I gave them my best smile and friendliest voice.
"I'm doing great" I said, "How about you all?"
" We are great!" all three in unison, smiles just beaming at me. waiting for my reply.
I slowed down just a step, turned toward them, let a moment pass and said
"Just keepin' my distance, man" and they all three just laughed ..."Right, right, right." they said.
As I walked away I went into one of these little daydreams. I wish I had stopped and talked a little longer. Three complete strangers were so delighted to see me, and as the weeks go by as they have, suddenly I experienced a sense of hope. A sense of that maybe after all this isolation and separation, that maybe we will all fall in love with each other again. That is what we surely do need.
But there is more. I got home and I was getting a glass of water and kind of smiling to myself, thinking about this hope & love. And I thought "I need to go back out tomorrow, walking, and see who I can find". Me, who hates walking. In fact I CANT WAIT to get home tomorrow from work so I can go walking and I'm going to walk until I find somebody.
I just cant hardly wait!

Saturday, April 04, 2020

BULLETHOLES STAYS HOME





I bought a piece of art for my house. It needs to be framed, and I have a friend that works at Hobby Lobby. She does frames! I've had it for two weeks, but I thought Hobby Lobby was closed for this COVID 19 crisis until I saw the news yesterday. Hobby Lobby has stayed open, deeming itself "essential".
I sent her a text and yes she was working.
I wanted to take my art and get it framed so I can hang it up. And then I caught myself.
Having Millet's "The Gleaners" framed and on my wall is important to me, I can't wait to put it up, but its hardly essential.
The last ten years I've finally learned to play by the rules. I lived most of my life irresponsible, and in complete disregard for the rules.
"Rules" I said "are for suckers"
Thanks to NA and sober living I've learned to play by the rules. To live life on its own terms. Thats how I came to be able to buy this house.

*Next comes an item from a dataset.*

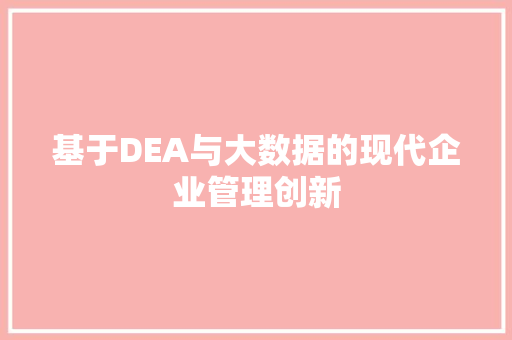 基于DEA与大数据的现代企业管理创新 编程语言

My work is basically paying me to stay home 2 days a week. They are paying me to stay home, shelter in place, stay healthy. I'm really proud I didnt take a self serving self centered non essential trip to Hobby Lobby. Stay home Bulletholes. You could go to Hobby Lobby and come home dead.

Wednesday, April 01, 2020

A THANKLESS JOB


SHELTER IN PLACE



All of my 12 step meetings have gone online. I'm having to work from home today. I like to say I don't like people, but its just not true. People who need people are the luckiest people.
I'll never make it till Monday.
Can't Trump pass a law where we go to a Buddy System?
Where can I get Shelter In Place Buddy?